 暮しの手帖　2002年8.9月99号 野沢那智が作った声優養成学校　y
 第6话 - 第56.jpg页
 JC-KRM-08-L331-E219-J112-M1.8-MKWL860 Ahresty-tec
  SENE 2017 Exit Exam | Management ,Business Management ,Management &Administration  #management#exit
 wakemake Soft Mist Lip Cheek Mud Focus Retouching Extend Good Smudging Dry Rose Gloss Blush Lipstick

# TASK PROMPT
Output the records above precisely.

# REPLY TO THE TASK
 暮しの手帖　2002年8.9月99号 野沢那智が作った声優養成学校　y
 第6话 - 第56.jpg页
 JC-KRM-08-L331-E219-J112-M1.8-MKWL860 Ahresty-tec
  SENE 2017 Exit Exam | Management ,Business Management ,Management &Administration  #management#exit
 wakemake Soft Mist Lip Cheek Mud Focus Retouching Extend Good Smudging Dry Rose Gloss Blush Lipstick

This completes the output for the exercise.